スリープポッドは宇宙船での長期航行に使用されるほか、最適な休息に使用される。
「おやすみなさい、兄上」
「おやすみ、クラミツ」
かあいい弟に見守られ、ミチルさんの手によって休眠に入った俺は、目覚めてとんでもない後継を目の当たりにすることになる。
「えっ……なにごと?」
ぴかぴかだった医療室があちこち穴開いてるし焼け焦げてるし疲れ果てた兵が詰め寄せてミチルさんに治療を受けてる。
その全員が俺を見て、唖然としていた。
「お、起きた!!」
「奇跡だ、奇跡!」
「え、え、何?」
怯える俺に無言でミチルさんがやってきておでこや手首にぺたぺたシール状のセンサーをつけていく。
「君ねえ、一年眠ってたんだよねえ」
ハァ!
思わず格闘家になるほど驚いた。まさかそれでこの惨状か!
「目を離した隙に保養液に毒盛られてねえ。人手が足りなくて管理が杜撰だったからねえ。
脳に深刻なダメージを受けてもう無理だろうって言うのを鷹鶴とクラミツが一生懸命止めて、ロマたちも我慢してくれてね。貴重な機材をひとつ使っても植物状態でいいから生かしてくれって……もう仕事に戻るね。あとは鷹鶴から聞いてね」
言う間もなくファイバースーツの鷹鶴がアクションムービーばりのモーションで飛び込んできた。
そして戸惑う俺に目を向けると、鷹鶴はニブル人特有の薄い色の瞳をうるませ、抱きついてくる。
「うわぁあああよかったよクロート! 蛍に殺される!!」
あんたの頭はそれしかねえのか?
「違うんですよ」
呆れる俺に、此方もくたびれた様子のクラミツが歩み寄ってくる。
「兄上、無事で何よりで……す」
あ、泣くの我慢してる。
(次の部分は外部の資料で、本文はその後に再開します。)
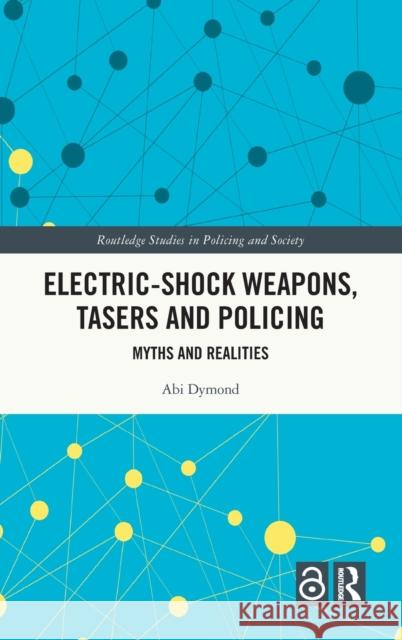 Electric-Shock Weapons, Tasers and Policing: Myths and Realities Abigail Dymond   9780367433871 Routledge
目が濡れてて鼻の頭赤い。かあいい。
「なんか、ごめん。迷惑かけた」
「いいえ……警備を手薄にしたこちらが悪いんです。アランが裏切りまして」
そっちかぁああ! アランてのはこのブリタニア製母艦にクヴァドくんとセットでついてきた船長! いちおう動向は見てたけど特になんもない人だったのに……
「兄上暗殺未遂後、ブリタニアとガリアが手を組んで攻め入ってきました。ウィッカプールとバッカニアも参戦しましたが、正規王軍には敵わず。
八ヶ月すると地下組織を掌握した菊蛍さんがアダムアイル・ヴェルトールに軍勢を率いて出現。
兄上が暗殺未遂で植物状態であることを知るやブリタニアを叩きに飛んでいきました」
何やってんだ蛍。
「おかげで敵がガリアだけになりましたが、ご覧の有様で」
「俺はなんで助かったんだ?」
「マイクロチップには脳の損傷部位を代行する機能があるらしいぜ。それで人類の寿命が伸びたってのある」
鷹鶴が説明してくれた。
「クロートはツーコア積んでたからね。それが幸いしたんだろうってミチルさんが」
そのミチルさんは黙々と兵の治療を続けてる。いつまでもここに陣取るのは悪い気がして立とうとしたが、
「動かない!」
ミチルさんに叱られた。そうか、検査中なんだっけ。
保養液に再びつかって目を閉じ、感知を行う。以前と同じように出来る……というか脳が破壊されたとは思えないほどクリアだ。マイクロチップのほうが俺の脳より優秀だろうからな! そうもなるんだろうな!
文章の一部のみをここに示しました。